- Born: May 17, 1950 (age 75)
- Known for: Former member of the SLF, SDS, and Weather Underground Organization

= Michael Justesen =

American activist (born 1950)

Michael Justesen (born May 17, 1950) is a former member of Students for a Democratic Society (SDS), the Seattle Liberation Front (SLF) and Weather Underground Organization (WUO).

==Early education and activism==
Two different sources give conflicting places of birth for Michael Justesen. According to the FBI Surveillance Files, Justesen was born in Sacramento, California. However, Michael Justesen was born in Seattle, Washington, according to Susan Stern, the author of With the Weathermen: The Personal Journal of a Revolutionary Woman. Justesen attended the University of Washington as a freshman in 1968. Justesen's first involvement with politics was participating in the University of Washington draft resistance in 1968, and he consequently withdrew from the university to devote all his time to the revolution. He became active in SDS soon after.

==SDS==
Justesen was a part of the SDS leadership in the Seattle collective. From August to mid September 1969, Justesen traveled to Japan to attend the Second International Anti-Imperialist Conference to make contact with "Red Army" student activists. The focus of the conference was opposition to the United States in Vietnam and Korea and support for the Vietnamese people. On October 8–11, 1969, Justesen volunteered to co-ordinate and send bail for SDS members from Seattle who were in Chicago, Illinois for the protest demonstrations for "Days of Rage." Justesen attended the "War Council" meetings in Flint, Michigan on December 27–31, 1969.

==Seattle Weatherman==
Michael Justesen played a leading role in the Seattle Weatherman collective. On December 1, 1969, Justesen led a group which attacked the University of Washington Army ROTC.
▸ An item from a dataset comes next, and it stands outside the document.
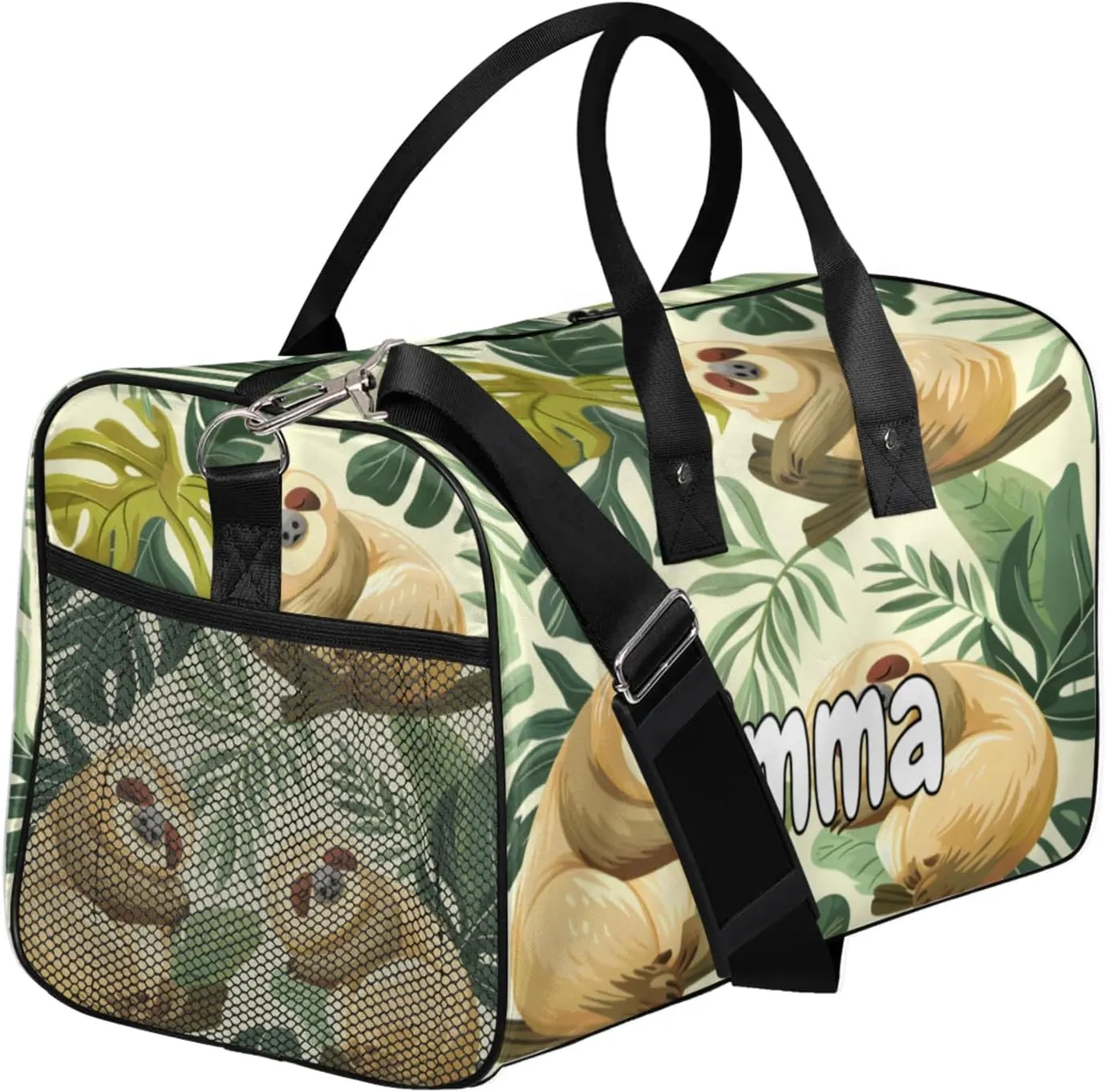 Personalized Funny Sloth Travel Duffel Bag with Name, Custom Gym Sport Bag Jungle Cute Sloth Carry On Weekend Overnight Duffel Bag for Men Women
==Seattle Liberation Front==
Justesen attended the Seattle Liberation Front's first meeting on January 19, 1970, which was led by the visiting University of Washington philosophy professor Michael Lerner. Susan Stern, the author of With the Weatherman, wrote "The SLF was based on premises exactly opposite to Weatherman, and we were not invited to the first meeting, or to any others for that matter." In response to the Chicago 7 Trial verdict, the SLF issued a call for people to shut down the Seattle Federal Courthouse on February 17, 1970. Dozens of people were arrested, not including Justesen.

On April 16, 1970, a federal grand jury in Seattle indicted eight people for conspiracy to cause damage to Federal property during "The Day After." Justesen was charged along with Susan Stern, Roger Lippman, Joe Kelly, Jeff Dowd, Michael Lerner, Chip Marshall, and Mike Abeles. Justesen went underground in early 1970 before the trial began. The remaining members charged were called the Seattle 7. Judge Boldt declared a mistrial "because the defendants have seriously prejudiced themselves."

==Weather Underground Organization==
Michael Justesen's fingerprints as well as Karen Ashley, Naomi Jaffe, Bill Ayers, Julie Nichamin, and 16 other Weather Underground member's prints were found by FBI in an abandoned apartment dubbed "Pine Street Bomb Factory" in San Francisco, California. Weather Underground members used the apartment during April 1970 to mid April 1971. FBI inspections found explosives and bomb making paraphernalia.

The Puget Sound Partisan was a publication that identified with the Seattle Liberation Front. In the July 15, 1979, edition, volume 1, #1 a letter from Justesen was published which expressed his feelings.